Activity. Pictures excluded, output the lines of the data below between the one holding "Футболка BODO, 1075148" and the one holding "Hockey Stick D0O4 - product image 1", inclusive, exactly as they stand.

Data extract.
────────────────

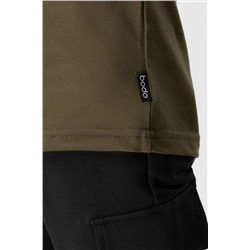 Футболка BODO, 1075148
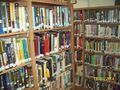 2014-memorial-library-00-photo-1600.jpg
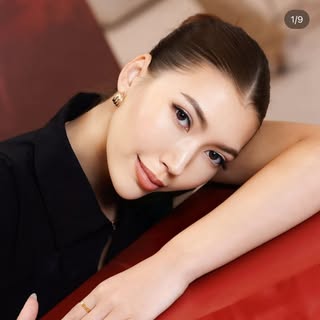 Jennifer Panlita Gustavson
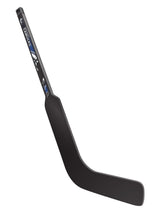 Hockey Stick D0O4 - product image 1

────────────────

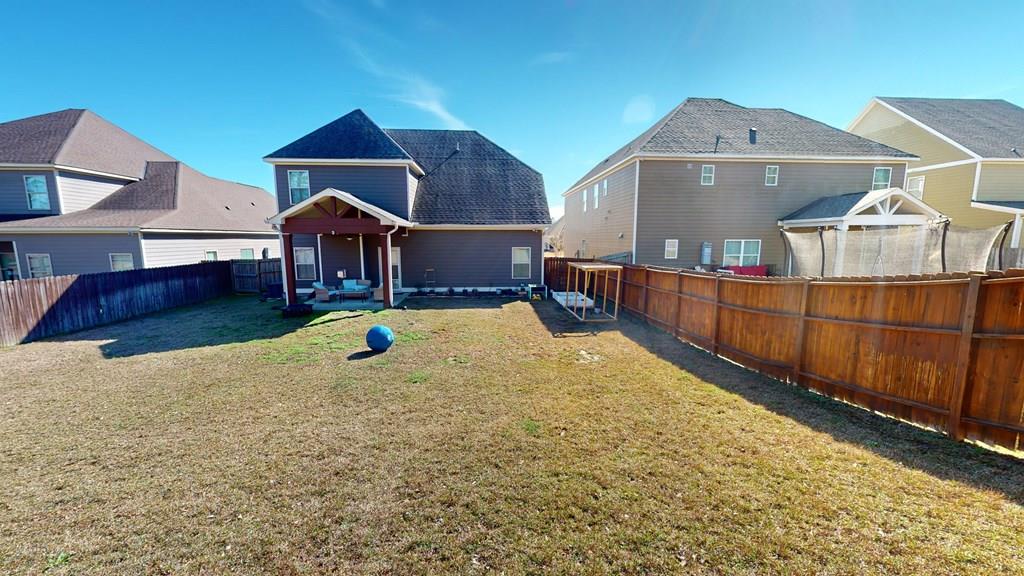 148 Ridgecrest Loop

────────────────

Exercise response.
 Футболка BODO, 1075148
 2014-memorial-library-00-photo-1600.jpg
 Jennifer Panlita Gustavson
 Hockey Stick D0O4 - product image 1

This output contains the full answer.